In July 2006, the BBC Governors' Programme Complaints Committee rejected the protests: "the Committee did not believe that, when looking at the audience as a whole, they would have felt that the comments were anything more than Jeremy Clarkson using outrageous behaviour to amuse his audience, and that the remarks would not have led to anyone entertaining new or different feelings or concerns about Germans or Germany".

=== Romania ===
During the opening episode of series 14, the presenters were seen taking the Aston Martin DBS Volante, Ferrari California and Lamborghini Gallardo LP560-4 Spyder on a road trip to Romania. While driving through the Romanian countryside, Clarkson commented on Romania as being "Borat country, with gypsies and Russian playboys", referring to the 2006 mockumentary starring Sacha Baron Cohen about the fictional journalist from Kazakhstan, which had filmed a few scenes in Romania. The mockumentary had already stirred controversy in the country, with a number of local Roma who were involved in the film attempting to sue 20th Century Fox and Cohen. Romanian newspapers claimed that the comments by Clarkson were "offensive" and "bad publicity for their country".

The Romanian Times also reported that Clarkson called Romania a "gypsy land". Complaints were also rife regarding Clarkson's actions to don a pork pie hat which he called a "gypsy" hat, while commenting: "I'm wearing this hat so the gypsies think I am [another gypsy]." The Romanian ambassador later sent a letter to the producers of Top Gear, in which he showed his appreciation for the show, highlighted the press's freedom of expression, the non-discriminatory spirit, and the fact that 89.5% of the country's population is Romanian, 6.5% is ethnic Hungarians, 2.5% are ethnic Roma and 1.5% are other ethnic groups. He also asked for the show to be re-edited for future showings to exclude the offensive material.

The Daily Telegraph was hacked by a group of Romanians, who stated, "We are sick of being misrepresented as Gypsies, and thanks to Top Gear, have been publicly insulted". The group took over two pages of the website, covering them in Romanian flags and playing "Lonely Shepherd" by Gheorghe Zamfir (featured on the soundtrack from the film Kill Bill).

=== Mexico ===
During the second episode of series 16, the presenters mocked the Mastretta MXT, a Mexican sports car, on account of it being designed in Mexico. James May introduced the car as "The Tortilla", then remarked that he did not remember what it was called. Hammond then stated: "Cars reflect national characteristics [...] a Mexican car's just going to be a lazy, feckless, flatulent oaf with a moustache, leaning against a fence asleep, looking at a cactus with a blanket with a hole in the middle on as a coat". This was followed up by James May suggesting that all Mexican food resembles "refried sick" and "sick with cheese on it", Richard Hammond remarking, "I'm sorry, but just imagine waking up and remembering you're Mexican" and Jeremy Clarkson adding, "It'd be brilliant because you could just go straight back to sleep again!" Clarkson ended the segment by suggesting that the Mexican ambassador to Britain would be too lazy to make any kind of complaint. This prompted the Mexican ambassador, Eduardo Medina Mora, to write to the BBC: "The presenters of the program resorted to outrageous, vulgar and inexcusable insults to stir bigoted feelings against the Mexican people, their culture as well as their official representative in the United Kingdom. These offensive, xenophobic and humiliating remarks only serve to reinforce negative stereotypes and perpetuate prejudice against Mexico and its people".
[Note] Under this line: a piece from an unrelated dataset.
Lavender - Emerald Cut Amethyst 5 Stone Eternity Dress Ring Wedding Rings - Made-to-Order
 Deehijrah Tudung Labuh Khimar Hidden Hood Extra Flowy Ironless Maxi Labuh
BBC issued a letter defending the jokes, stating that national stereotyping was a part of British humour, but apologizing to the Mexican ambassador for the remarks made about him personally. The episode had the Mexican comments cut from its broadcast in the United States.

Comedian Steve Coogan, who has appeared on the show three times, criticised the programme for its pitiful apology, suggesting that the usual defence of "a bit of a laugh", or "harmless fun" was no longer appropriate, that the insults had gone too far, and described the comments as "as funny as a cold sweat followed by shooting pains down the left arm". He also criticised the show for what he described as lazy, adolescent humour and "casual racism" in reference specifically to this episode. Yahoo editor, Richard Evans, described the programme's conduct as another "Sachsgate waiting to happen".

However, Mastretta appeared to brush off the insults, with general director Carlos Mastretta clarifying that the car was simply used as a pretext for the jokes, and that the controversy has increased interest in the MXT.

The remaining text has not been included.